L'Express de Madagascar (Antananarivo)
Andry Ratovo
21 Novembre 2008
Après la sortie du nouveau texte fixant le statut du sport à Madagascar, le CIO a saisi le Comité olympique malgache. L'intégration du Sport malgache au niveau international est compromise. L'étau se resserre petit à petit autour de Jean Louis Robinson, ministre de la Jeunesse, des sports et de la culture.
En session extraordinaire, hier, à Mahamasina, les membres du Comité olympique malgache (COM) se sont adressés au Comité international olympique (CIO). Ils y ont fait part de leur point de vue sur le nouveau décret gouvernemental fixant le statut du sport à Madagascar.
Ils étaient assistés par quelques présidents de fédérations sportives affiliées. Une loi qui a fait couler beaucoup d'encre dans la mesure où elle est jugée comme contradictoire par certains membres du mouvement sportif. Cela que se soit sur la forme ou sur le fond par rapport à la charte olympique.
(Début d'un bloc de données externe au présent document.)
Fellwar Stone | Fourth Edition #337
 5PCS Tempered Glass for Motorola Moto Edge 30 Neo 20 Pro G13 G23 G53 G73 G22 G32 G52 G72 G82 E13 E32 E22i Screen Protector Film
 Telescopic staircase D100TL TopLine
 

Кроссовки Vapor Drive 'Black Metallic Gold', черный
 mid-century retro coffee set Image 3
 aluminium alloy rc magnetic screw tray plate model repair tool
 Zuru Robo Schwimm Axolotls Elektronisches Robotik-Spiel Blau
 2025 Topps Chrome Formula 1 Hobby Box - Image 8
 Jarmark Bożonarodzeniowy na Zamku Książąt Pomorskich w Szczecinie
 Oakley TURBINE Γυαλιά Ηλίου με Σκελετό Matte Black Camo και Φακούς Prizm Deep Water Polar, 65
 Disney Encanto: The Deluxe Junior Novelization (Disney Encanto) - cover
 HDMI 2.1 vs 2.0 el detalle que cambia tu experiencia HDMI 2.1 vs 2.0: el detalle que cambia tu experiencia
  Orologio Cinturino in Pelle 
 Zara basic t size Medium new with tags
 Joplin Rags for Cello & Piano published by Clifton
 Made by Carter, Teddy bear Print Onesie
Aucune information officielle n'a filtré de cette réunion. Certains membres du COM ont toutefois promis d'émettre un communiqué, sans préciser ni l'heure ni la date exacte, aux quelques journalistes qui ont attendu à l'extérieur. Peu de temps après, les langues se sont déliées et le contenu de la missive envoyée au CIO fut enfin dévoilé. Un rapport qui n'augure rien de bon pour le ministère des Sports, auteur principal de ce fameux texte.
«Nous regrettons l'initiative du ministère responsable des Sports quant à la prise de telles mesures sans consulter l'avis du COM. Nous n'avons pas manqué de citer, dans le rapport adressé au CIO, certains points saillants du décret qui pourraient entraîner la suspension de toutes les fédérations sportives nationales vis-à-vis des fédérations internationales», s'inquiète un président de fédération membre du COM.
Un beau geste pour sauver le sport malgache mais qui vient un peu tard. Le comité olympique a brillé par son silence depuis quelques années et monte au créneau seulement quand il se trouve dans l'oeil du cyclone.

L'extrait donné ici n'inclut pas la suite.